··· SOURCE MATERIAL ···

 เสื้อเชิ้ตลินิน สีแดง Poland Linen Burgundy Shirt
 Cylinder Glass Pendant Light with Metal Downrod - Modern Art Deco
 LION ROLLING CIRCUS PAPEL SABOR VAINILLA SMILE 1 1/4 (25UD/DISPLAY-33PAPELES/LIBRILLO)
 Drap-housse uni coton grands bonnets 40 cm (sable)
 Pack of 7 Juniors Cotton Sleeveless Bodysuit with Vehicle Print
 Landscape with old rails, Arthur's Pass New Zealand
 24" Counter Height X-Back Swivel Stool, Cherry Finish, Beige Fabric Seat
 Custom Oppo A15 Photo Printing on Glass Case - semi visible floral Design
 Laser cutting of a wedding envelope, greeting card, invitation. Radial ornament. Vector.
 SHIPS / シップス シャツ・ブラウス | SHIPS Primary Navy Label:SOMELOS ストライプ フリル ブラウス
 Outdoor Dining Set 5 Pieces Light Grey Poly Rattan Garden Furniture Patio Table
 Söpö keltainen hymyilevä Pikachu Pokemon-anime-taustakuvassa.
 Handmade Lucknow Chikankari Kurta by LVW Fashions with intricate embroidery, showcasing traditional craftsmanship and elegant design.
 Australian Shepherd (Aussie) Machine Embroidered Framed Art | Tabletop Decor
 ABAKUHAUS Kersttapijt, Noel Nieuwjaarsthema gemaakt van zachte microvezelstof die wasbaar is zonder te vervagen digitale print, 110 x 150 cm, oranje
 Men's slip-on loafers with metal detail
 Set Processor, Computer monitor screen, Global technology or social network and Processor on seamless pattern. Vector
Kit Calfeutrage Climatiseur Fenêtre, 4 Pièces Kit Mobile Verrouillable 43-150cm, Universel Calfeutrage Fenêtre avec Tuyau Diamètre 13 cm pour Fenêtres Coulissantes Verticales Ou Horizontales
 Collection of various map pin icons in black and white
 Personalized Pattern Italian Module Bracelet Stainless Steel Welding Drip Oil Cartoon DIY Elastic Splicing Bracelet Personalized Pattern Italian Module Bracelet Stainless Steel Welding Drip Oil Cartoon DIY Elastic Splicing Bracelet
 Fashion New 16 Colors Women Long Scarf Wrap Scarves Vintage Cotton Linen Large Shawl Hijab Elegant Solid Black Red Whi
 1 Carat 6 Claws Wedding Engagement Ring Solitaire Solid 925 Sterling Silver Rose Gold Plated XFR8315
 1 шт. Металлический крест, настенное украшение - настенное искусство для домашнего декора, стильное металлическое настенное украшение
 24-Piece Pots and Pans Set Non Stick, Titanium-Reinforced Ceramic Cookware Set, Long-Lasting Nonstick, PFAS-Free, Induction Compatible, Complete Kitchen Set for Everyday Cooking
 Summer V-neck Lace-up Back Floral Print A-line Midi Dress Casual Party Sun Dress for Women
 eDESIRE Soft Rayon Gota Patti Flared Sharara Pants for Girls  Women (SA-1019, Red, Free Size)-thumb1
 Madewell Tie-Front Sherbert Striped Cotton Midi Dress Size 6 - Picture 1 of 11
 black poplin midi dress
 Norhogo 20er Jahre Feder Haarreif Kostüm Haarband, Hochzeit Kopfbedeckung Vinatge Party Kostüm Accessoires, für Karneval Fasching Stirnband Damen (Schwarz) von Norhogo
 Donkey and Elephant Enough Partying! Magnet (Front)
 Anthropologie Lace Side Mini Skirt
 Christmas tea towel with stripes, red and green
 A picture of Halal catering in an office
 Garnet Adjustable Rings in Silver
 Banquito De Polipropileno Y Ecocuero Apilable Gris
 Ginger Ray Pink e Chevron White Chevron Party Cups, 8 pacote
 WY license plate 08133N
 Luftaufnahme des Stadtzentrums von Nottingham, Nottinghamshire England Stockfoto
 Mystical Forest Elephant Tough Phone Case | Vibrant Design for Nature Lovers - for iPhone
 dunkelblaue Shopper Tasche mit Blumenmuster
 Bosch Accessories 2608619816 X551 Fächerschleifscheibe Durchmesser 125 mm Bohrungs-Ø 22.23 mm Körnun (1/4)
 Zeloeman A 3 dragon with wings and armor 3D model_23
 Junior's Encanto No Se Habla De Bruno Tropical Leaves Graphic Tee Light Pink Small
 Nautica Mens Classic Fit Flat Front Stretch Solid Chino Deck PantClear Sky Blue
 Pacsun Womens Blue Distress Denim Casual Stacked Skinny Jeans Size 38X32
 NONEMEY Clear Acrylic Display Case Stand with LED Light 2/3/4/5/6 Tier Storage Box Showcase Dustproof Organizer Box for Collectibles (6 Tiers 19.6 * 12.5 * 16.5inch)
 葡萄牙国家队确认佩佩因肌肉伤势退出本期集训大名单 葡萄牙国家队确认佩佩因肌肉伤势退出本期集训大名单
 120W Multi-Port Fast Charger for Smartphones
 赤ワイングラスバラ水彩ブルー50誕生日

···

● **TASK DESCRIPTION**
In the entries above, find each line with the string "Long" and copy it.

● **RESPONSE**
 Fashion New 16 Colors Women Long Scarf Wrap Scarves Vintage Cotton Linen Large Shawl Hijab Elegant Solid Black Red Whi
 24-Piece Pots and Pans Set Non Stick, Titanium-Reinforced Ceramic Cookware Set, Long-Lasting Nonstick, PFAS-Free, Induction Compatible, Complete Kitchen Set for Everyday Cooking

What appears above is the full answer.